New York Attorney General Is Charging Trump

WASHINGTON, D.C. (September 21, 2022) – The massive civil legal action filed today by New York Attorney General Letitia James charging Donald Trump and his children of flagrantly manipulating property valuations to deceive lenders, insurance brokers and tax authorities could trigger many additional civil as well a criminal actions against him.

Just as the first domino in a row to fall causes the others to begin toppling, says public interest law professor John Banzhaf.

Banzhaf filed the criminal complaint against Trump, naming three different criminal statutes he allegedly violated in Georgia, which led to the ongoing criminal investigation of the former president in Fulton County.

He also figured out how to bring the successful law suit against Spiro Agnew which forced him to return, with interest, the money he had received in bribes, after the State of Maryland gave up on seeking such recovery.

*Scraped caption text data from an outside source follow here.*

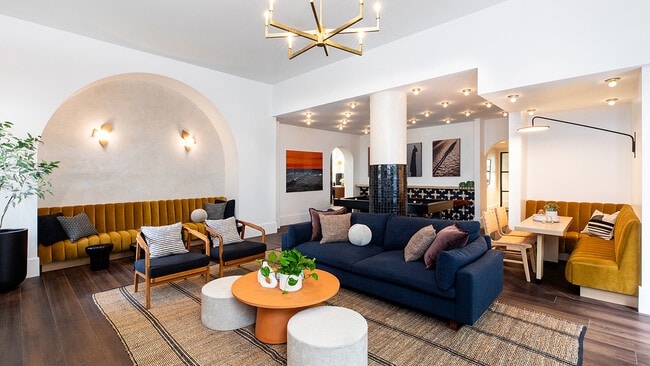 Salón para residentes de Griffis Mission Valley - Griffis Mission Valley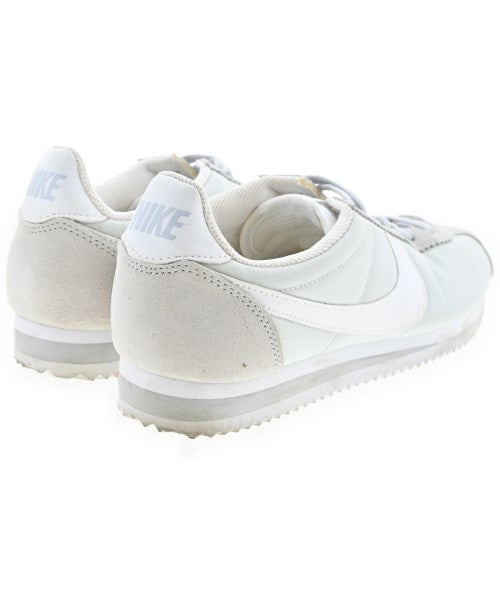 NIKE รองเท้าผ้าใบ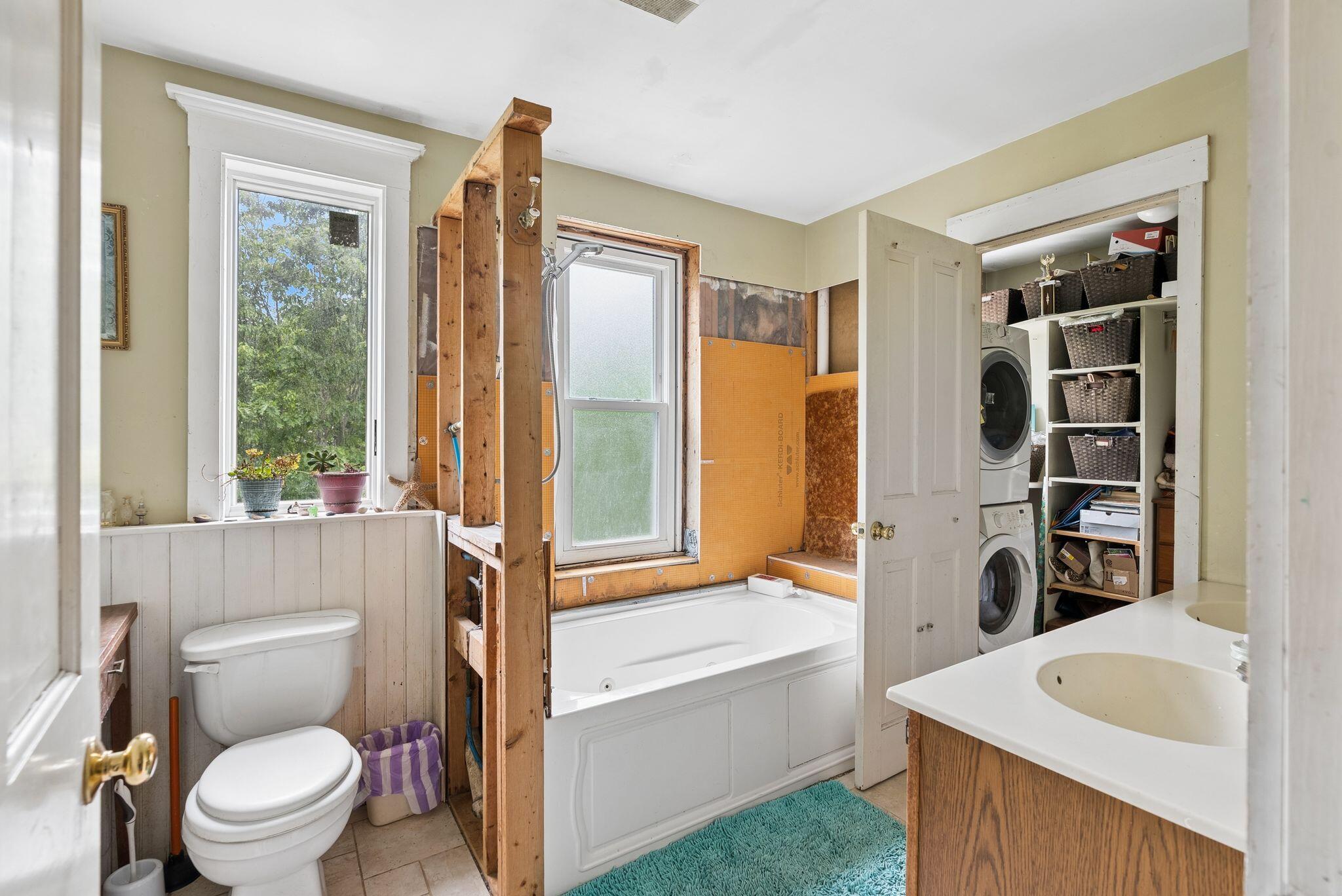 85 Old Port Road Kennebunk, ME 04043 - Photo 20 of 33 2nd Floor Bathroom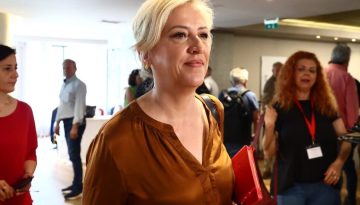Ρένα Δούρου: «Τρεις μήνες τώρα είμαστε πεταμένοι στα σκυλιά» – Σκληρή κριτική στην Κ.Ε. του ΣΥΡΙΖΑ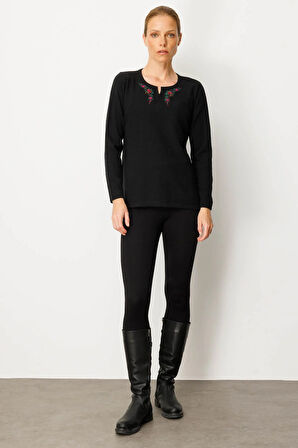 Kadın Sıfır Yaka Yaka Kenarı İşlemeli Yün Bluz Siyah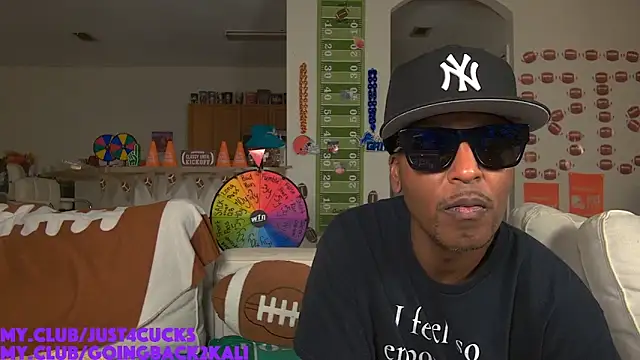 boomboomr00m online show from October 2025 12:20:01 AM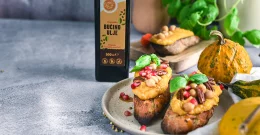 Veganer Kürbis-Hummus mit Tahini: gesunder Dip mit Kichererbsen!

Here is why the law professor who has been called “a Driving Force Behind the Lawsuits That Have Cost Tobacco Companies Billions of Dollars,” a “King of Class Action Law Suits,” “Legal Academia’s Instigator in Chief,” “The Law Professor Who Masterminded Litigation Against the Tobacco Industry,” and an “Entrepreneur of Litigation, [and] a Trial Lawyer’s Trial Lawyer” believes that this civil action will be only the first of many legal actions which will begin to topple Trump.

This action, although civil in nature, will also result in at least two criminal referrals – one to the Justice Department, and the other to the Internal Revenue Service – which will be so detailed, and contain such hard and solid evidence of criminality, that it will be almost unthinkable that the relevant authorities would not have to bring criminal actions.

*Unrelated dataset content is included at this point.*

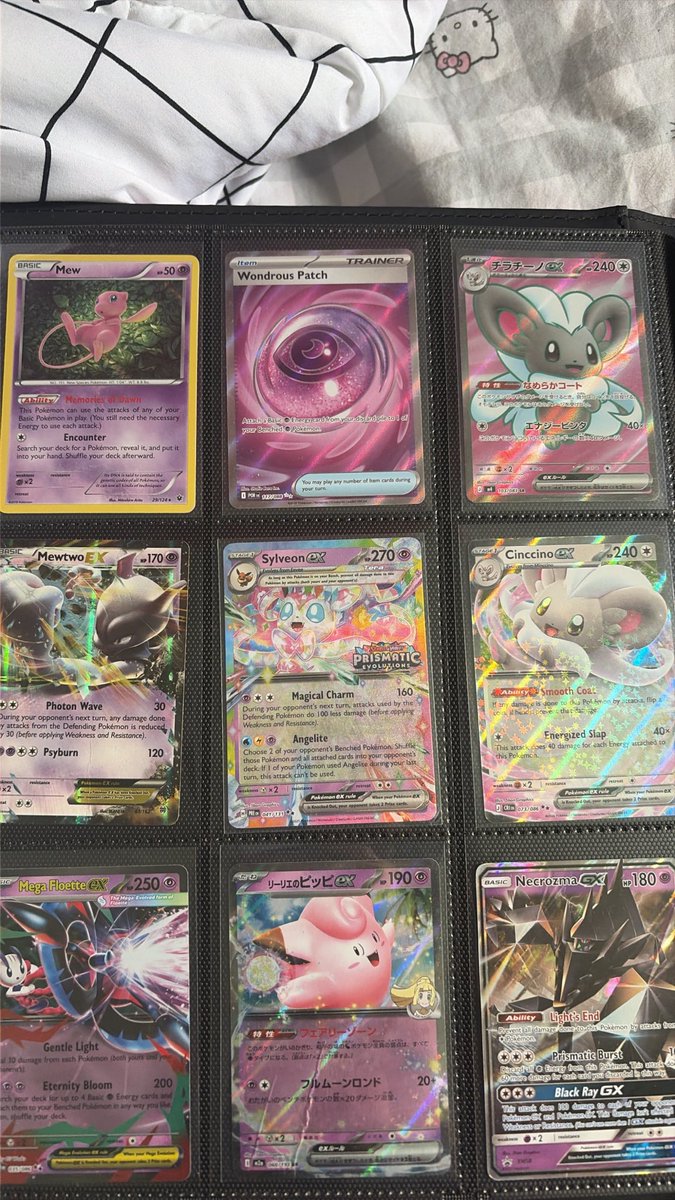 hen1002234's tweet photo. i wanna show off pokemon collection so I’m making a thread https://t.co/XZB9epoKPB
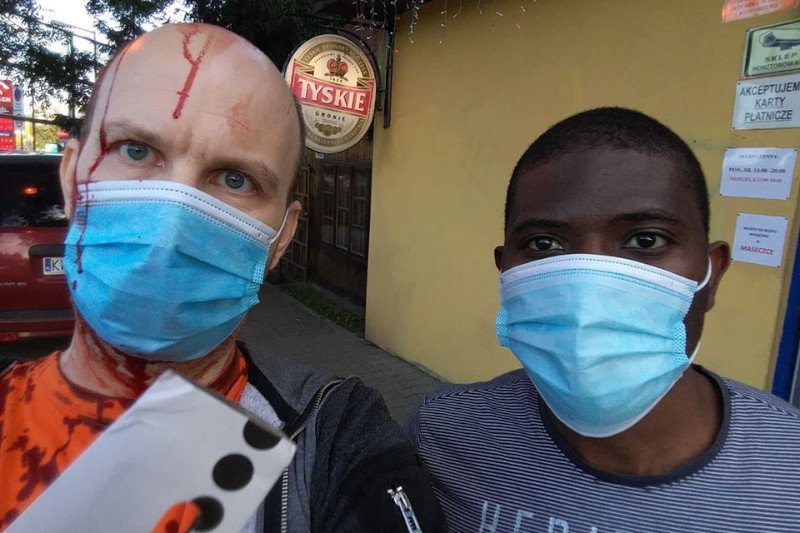 Marek Czerwiński został pobity po tym, jak wstawił się za czarnoskórym pasażerem autobusu w Wieliczce.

This civil action, although brought in New York, also involves glaring and dramatic details of alleged criminal fraud in the manipulation of property values in other jurisdictions. This is especially true regarding Florida and Trump’s new residence in Mar-a-Lago.

With this information now being made available publicly, authorities in Florida – unless political considerations preclude it – would have to bring civil as well as criminal actions there. If they fail to do so, political opponents and/or those injured financially by the alleged fraud are likely to do so.

Additional Legal Actions

The massive amounts of documentation and information, including potential testimony of witnesses to the wrongdoing, are likely to open the doors to many additional legal actions.

Also, others who might be involved, and who thereby might themselves face massive financial penalties as well as criminal charges, might as part of plea bargains agree to testify about other criminal actions involving Trump and/or his family members.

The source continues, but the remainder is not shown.